One year ago we adopted an older overweight female. She's lost 32 lbs., and accomplished this very slowly over a time-frame of about nine months while feeding Orijen. Although we now include feeding other fresh and raw foods at this point, she's been maintaining 70 lbs for three months.

I'm not saying your good boy needs a 30 pound weight reduction, but I mean to say weight loss can be achieved with Orijen, and without dorking up nutritional needs, or messing up on the emotional needs for bonding. Our girl Cris is a testimony.

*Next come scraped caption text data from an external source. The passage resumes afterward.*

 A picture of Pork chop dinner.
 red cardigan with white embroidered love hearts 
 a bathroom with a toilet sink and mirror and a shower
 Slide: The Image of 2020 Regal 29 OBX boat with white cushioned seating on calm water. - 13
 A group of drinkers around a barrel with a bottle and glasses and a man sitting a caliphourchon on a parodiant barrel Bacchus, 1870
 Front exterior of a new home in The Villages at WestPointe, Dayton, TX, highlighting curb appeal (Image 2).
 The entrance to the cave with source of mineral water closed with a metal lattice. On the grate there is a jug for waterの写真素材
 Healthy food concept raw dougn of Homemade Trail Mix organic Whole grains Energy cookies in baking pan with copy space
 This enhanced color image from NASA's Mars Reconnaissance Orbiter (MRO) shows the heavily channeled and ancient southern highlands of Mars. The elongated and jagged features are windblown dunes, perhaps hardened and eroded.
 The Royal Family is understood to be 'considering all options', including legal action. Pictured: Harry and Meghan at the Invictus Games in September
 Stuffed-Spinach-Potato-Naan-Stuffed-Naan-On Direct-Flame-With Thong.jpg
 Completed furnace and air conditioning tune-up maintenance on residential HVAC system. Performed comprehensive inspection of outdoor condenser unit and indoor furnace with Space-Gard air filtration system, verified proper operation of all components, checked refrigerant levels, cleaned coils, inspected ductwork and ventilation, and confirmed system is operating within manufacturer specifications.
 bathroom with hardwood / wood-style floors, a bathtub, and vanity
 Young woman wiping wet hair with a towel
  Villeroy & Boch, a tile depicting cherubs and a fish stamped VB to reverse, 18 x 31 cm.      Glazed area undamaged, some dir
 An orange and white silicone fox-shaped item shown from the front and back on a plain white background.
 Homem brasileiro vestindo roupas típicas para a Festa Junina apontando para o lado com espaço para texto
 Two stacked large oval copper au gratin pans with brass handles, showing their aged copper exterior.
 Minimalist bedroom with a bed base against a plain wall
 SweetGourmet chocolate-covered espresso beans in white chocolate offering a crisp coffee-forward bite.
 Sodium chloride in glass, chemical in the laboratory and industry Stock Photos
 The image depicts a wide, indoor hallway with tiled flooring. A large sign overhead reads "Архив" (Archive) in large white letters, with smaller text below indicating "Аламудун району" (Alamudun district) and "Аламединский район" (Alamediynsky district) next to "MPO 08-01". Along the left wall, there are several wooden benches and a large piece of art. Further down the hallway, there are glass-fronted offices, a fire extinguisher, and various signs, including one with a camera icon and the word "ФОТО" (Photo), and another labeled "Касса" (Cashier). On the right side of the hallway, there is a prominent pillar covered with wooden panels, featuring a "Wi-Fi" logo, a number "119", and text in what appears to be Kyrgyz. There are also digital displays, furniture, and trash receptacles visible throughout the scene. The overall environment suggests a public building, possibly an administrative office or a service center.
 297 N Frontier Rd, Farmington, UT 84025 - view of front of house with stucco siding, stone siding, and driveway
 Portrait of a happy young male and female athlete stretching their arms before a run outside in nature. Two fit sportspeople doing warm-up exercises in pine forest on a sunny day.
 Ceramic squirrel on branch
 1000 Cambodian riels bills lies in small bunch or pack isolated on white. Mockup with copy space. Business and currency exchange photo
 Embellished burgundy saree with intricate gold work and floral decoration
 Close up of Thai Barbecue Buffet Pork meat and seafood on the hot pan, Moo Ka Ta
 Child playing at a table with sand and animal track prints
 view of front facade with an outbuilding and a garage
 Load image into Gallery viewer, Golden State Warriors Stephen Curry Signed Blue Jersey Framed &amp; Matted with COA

Slow and steady are the basic requirements to eating a bit less while exercising a bit more. Nothing so drastic for your boy, as it was for our girl (necessarily drastic because EVERYTHING was just so drastically a whole new universe for her, lol).

Best wishes for the very best success:wub:


----------



## sable123 (Jul 11, 2010)

doggiedad said:


> i don't know if you have to switch foods. i think you
> have to cut back on the intake. try feeding your
> dog 1 cup in the am and 1 cup in the pm and add less
> chicken.


It is not that simple. 2 cups for an animal that size and age is not enough food. It is not all about protein & fat. Cutting back too much can result in vitamin & mineral deficiencies. The recommended feeding you see on the bag factors in the proper amount of other nutrients.

Too little food is as bad as too much.


----------



## Gmthrust (Mar 3, 2010)

Minus-ing a whole cup at once is too drastic, in his case, in my opinion (not that I'm an expert). It's not as if he were a morbidly obese fella. So, and this is just a general idea of how it might best go, if he were mine---I'd shave off maybe an eighth of a cup, just for starts, while slowly increasing his exercise. Slow and steady progress is the very best way to go.


----------



## Gmthrust (Mar 3, 2010)

If you can, Frenchie, look into an obedience class, even if he's already been there! Google an indoor, air-conditioned place, for your area if possible (because I know it's way super hot and humid this time of year and it'll get only more intense as that's the nature of summer; we live in Florida, btw, lol).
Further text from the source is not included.